Thursday, May 21, 2020

Journal of a Plague Year, Tuesday, May 19

Air quality has been bad this week, as smoke as come with the winds from fires in México.

I first noticed the problem last Thursday, May 14, when I suddenly had problems breathing outside around 10:30 am. The next day I checked the air quality screen on the NOAA website, and saw vertical smoke was going into Texas.

Saturday, I woke up with breathing problems. I tried inhaling oxygen from one of those oxygen machines they sell to gym rats, but still had to take medicine. I finally had to put on a mask to be outside around 9:45 am. The NOAA map showed heavy smoke in west Texas.

Yesterday, NOAA’s map showed smoke was covering this area. I had to put a mask again around 7:30 pm, but this time in the house.

Today the map showed smoke still covered the area with a particularly thick plume west of the Rockies and a concentration of surface smoke around Albuquerque.
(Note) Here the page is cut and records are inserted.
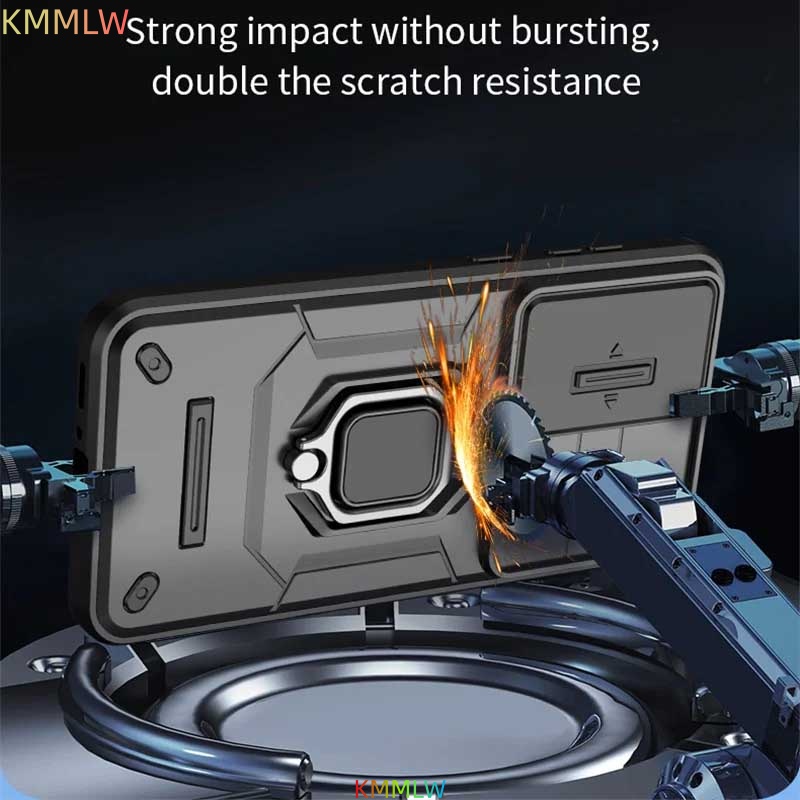 Shockproof Magnetic Ring Holde - огляд і ціна Camera Lens Protector
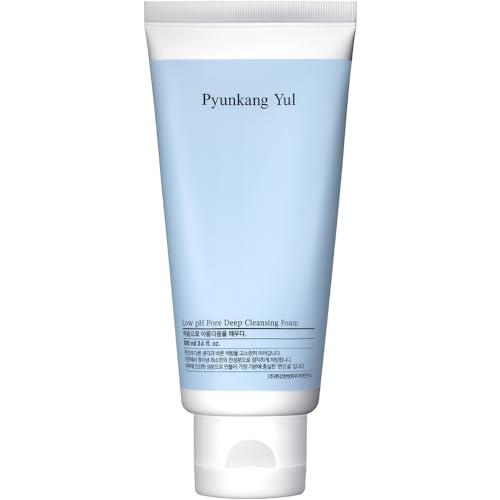 Pyunkang Yul Low pH Face Cleanser - Deep Cleansing, Soothes Sensitive Skin, 100ml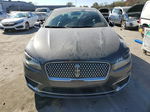 2017 Lincoln Mkz Hybrid Premiere Серый vin: 3LN6L5KUXHR644448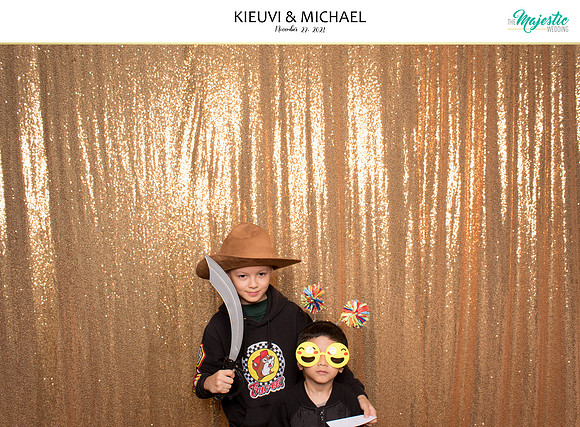 20137 - KieuVi + Michael Wedding Photobooth 2021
I didn’t want to waste a mask, so stayed in the house.

Around 9:30 am, I had to put the mask on anyway, again when I was in the house.

I couldn’t let my low inventory of masks stop me from wearing one, so I ventured onto Amazon. I entered my usual band, and other brands came up. I didn’t much care who made it, so long as it worked.

None were being sold by Amazon, and none had inflated prices. I read Amazon was trying to remove those vendors from its marketplace.

Some of the third party vendors said they were shipping direct from China. That would take too long, and I wasn’t real sure they would arrive. Rumors persist the federal government is impounding masks and other protective gear from China, though I think that’s usually limited to medical grade.

I didn’t need something to protect me from the virus. Well, I do, but those aren’t available. What I need is something to protect me from dust, pollen, chemical fumes, and smoke. Scarcities caused by the coronavirus had made them impossible to get earlier.

I took a chance on a vendor with a relatively low customer approval rating. It actually claimed to ship the same day.

Since I’ve learned vendors sometimes create labels that trick Amazon into thinking they’ve shipped when they haven’t, I checked the Amazon website. The postal service tracing said it was delivered to a post office near Los Angeles and had been transferred to the City of Industry distribution center.

As they say, it’s in the mail, but one of the bottleneck areas.

Still, knowing the masks actually are coming means I can use the ones I have when I need them, without worrying about running out because of the virus.


This is a copy of the smoke map I made while I was preparing to post this. On Tuesday, that gray area covered New Mexico.